From the YakimaHerald.com Online News.

SUNNYSIDE -- The names of 25 men are engraved in granite on a war monument in Lower Valley Memorial Gardens.
Al Heffron knows them.
He knows their middle initials, when they were born and the dates of their death. He knows their units. He knows where surviving family members live. He knows where they are buried.
He knows how they died.
Now he does, anyway. But he didn't seven years ago when he began his quest.
The names represent all 25 men with ties to Sunnyside who died in World War II. Twenty-five men, from a sleepy farming town with a population at the time of 4,000.
Heffron's motivation for wanting to learn more about them was simple:
"What the hell happened to them all, that's the question I have," Heffron, a 70-year-old self-described World War II history buff, recalls asking himself in 2001.
Heffron grew up in Sunnyside, too.

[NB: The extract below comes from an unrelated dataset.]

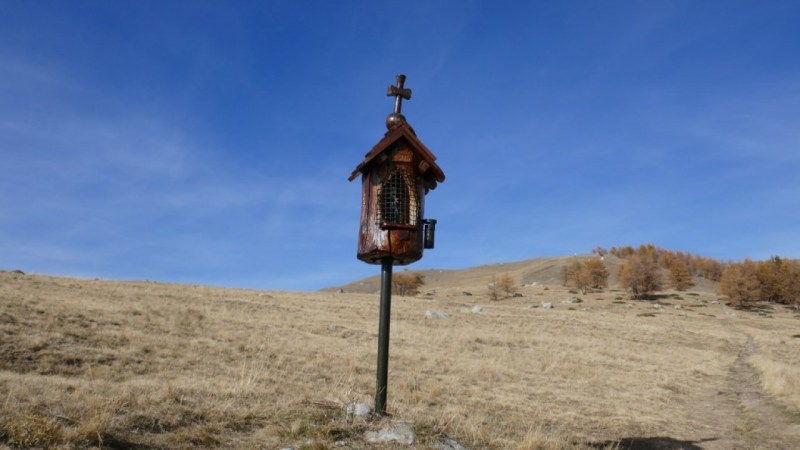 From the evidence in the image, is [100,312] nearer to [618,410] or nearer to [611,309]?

He still lives there.
He calls the 25 soldiers a "microcosm" of the world at large. World War II recruits came from rural communities all over the United States and died in places they had never heard of.
"They're kind of spread all over the map," he says.
In 2001, the Veterans of Foreign Wars and American Legion built the $150,000 War Veterans Memorial in Memorial Gardens, a cemetery north of town. It lists the men from the area who have died in battle.
Since then, Heffron has been researching the World War II stories.
For a man who knows so much about the war and the local sons it claimed, he remembers precious little.
He had just turned 4 when America entered the war on Dec. 8, 1941. He was old enough to know the men's families but too young to remember any funerals. He was old enough to listen to war reports on the radio but too young to understand them. He vaguely recalls an alarm whistle sounding at the old Carnation plant, warning residents to turn off their lights in fear of Japanese spy planes. Nothing ever happened.
"When we were kids, at least my parents, they didn't talk about it," Heffron recalls.
So the cherry orchardist looks through the lens of history. He keeps volumes of books and videos about World War II and keeps his television tuned to the History Channel. He frequents air shows with 1940s bombers, often purchasing rides across the Northwest.
And in a neatly organized, expandable file box, he keeps details of each of those 25 soldiers. He also uses a zippered portfolio that's not so neatly organized.
"I would like to write it up sometime," he says.
However, he has questions first. There are blanks on a spreadsheet that serves as an index.
He has every date of death and branch of military, but a surprising number of birthdays are missing. He also lacks three units, many high school graduation dates and possibly some medals.
But the most frustrating hole is a question mark at the very top of the column titled "Cause of death."
That's for Joseph O. Deatherage, a member of the U.S. Army's 161st Infantry, 25th Division, who died in Hawaii on Jan. 27, 1942, more than a month after the Pearl Harbor bombing. Heffron doesn't know how he died and has yet to find any family members. He heard rumors it was a heart attack.
Heffron says his research may require a trip to the Washington, D.C., archives.
"We can go there," says his wife, Joyce.
Joyce Heffron tolerates and sometimes helps with her husband's research. Three years younger, she also recalls listening to radio war reports. She also remembers spending the first few years of her life under the care of her older sisters taking care of the family farm near Shohomish while her parents worked long hours in the Everett shipyards.
She believes her husband likes the fact-finding.
"I think the chase is what you enjoy," she tells him.
Al Heffron spends his winter months on his project. He and his family own a cherry orchard on the north slope of Snipes Mountain just west of Sunnyside. His summers are still busy with work.
Many of the men's families helped Heffron's research. Some stories already were well documented.
Take Dr. Simon Warmenhoven, a Sunnyside-born physician for the Army's 32nd Division who scrambled to keep men healthy in New Guinea, one of the lesser known battle arenas of the war.
Warmenhoven is a central character in "The Ghost Mountain Boys," a 2007 book about the New Guinea theater by James Campbell. In it, Campbell describes men dying by dozens from enemy mortar and diseases such as from malaria in New Guinea and Australia, where they were sent to recover. For his bravery in treating them, Warmenhoven received a District Service Cross from Gen. Douglas MacArthur and was featured on the front page of the New York Times.
The book also reports that a combination of atabrine and quinine, given to malaria patients, led to psychosis in Warmenhoven and other soldiers. On May 5, 1943, he shot himself in the head.
Warmenhoven's younger brother, Cornelius Warmenhoven, served in the Navy as a baker in Alaska and lived in Sunnyside until 1994, when he moved to Kennewick. His family knew of his brother's suicide months after it happened, but the book, published last year, finally detailed why. He finds it "quite accurate" and believes the story.
The 25 lost men sound like a lot now, Cornelius Warmenhoven says. But at the time, the community mourned each death one by one.
"Everybody feels sad when a soldier or sailor loses his life," recalls Cornelius. "But you're in a war and life goes on."
The total didn't really mean much.
"I imagine the feeling was the same as it was all over the United States."